Maybe this will de-jargon pitches and make them clearer, preventing complexity from overwhelming quality. But you could also imagine it going the other way, with managers appealing to emotion and pushing for an over-emphasis on familiar investments. Jury-friendly investments would become the new hot asset class, focusing on familiar names that will get rubber stamped quickly.
This desire to understand what plays for the jury would naturally bring a new career path: the jury consultant. These investment jury whisperers would be able to charge millions to fund managers to help them win over the random citizens their performance bonuses depend on.
This could be a massive market. The 50 largest institutional investors are collectively worth $41 trillion; if they can grab one basis point, that’s a $4 billion industry. Better yet, jury consultants can sell to both sides. After all, the CIOs also need help making their case to the jury.
The skills of a CIO would have to change in light of this. Rather than focusing entirely on relationships with fund managers, the best CIOs will look more like marketing or sales professionals — able to persuade random citizens to follow their advice on the right asset allocations.
The best CIOs might compete less on their return above benchmark and more on how well they can spin the jury. An unsuccessful CIO’s annual report might have to grapple with the memecoins in their university endowment.
Official idea rating
1.5/5. Even if it’s fun, I think getting a board of trustees to approve something like this will be impossible.

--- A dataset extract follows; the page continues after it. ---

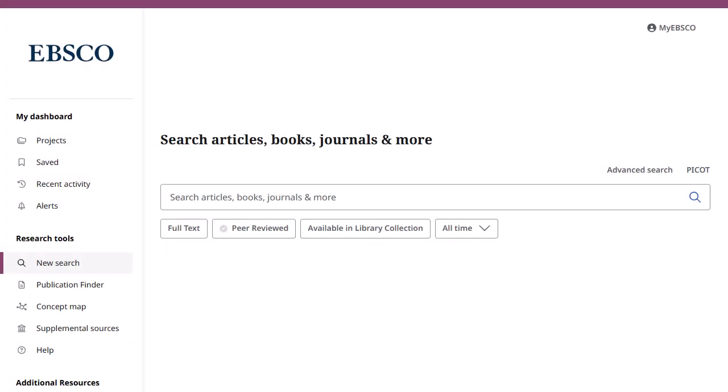The new EDS features many user interface improvements including personalized dashboards, modern result lists, enhanced displays, greater citing and sharing options, and enhanced detailed record and viewer experiences. In this tutorial, we review the many features of the new EBSCO Discovery Service.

If there’s one truism in endowment investment, it’s that nobody wants to do something different and look stupid. This is pretty different.
Still, it’d be interesting to see a fund allocate some share — maybe 5% — of their assets to experiment with something like this. Plenty of research finds that groups make better decisions, but nobody (to my knowledge) has really tested whether 12 random people can beat the best investment managers in the business.
Maybe there’s a brave fund out there willing to try. And if their endowment loses billions on GameStop, they can at least say it was a democratic decision.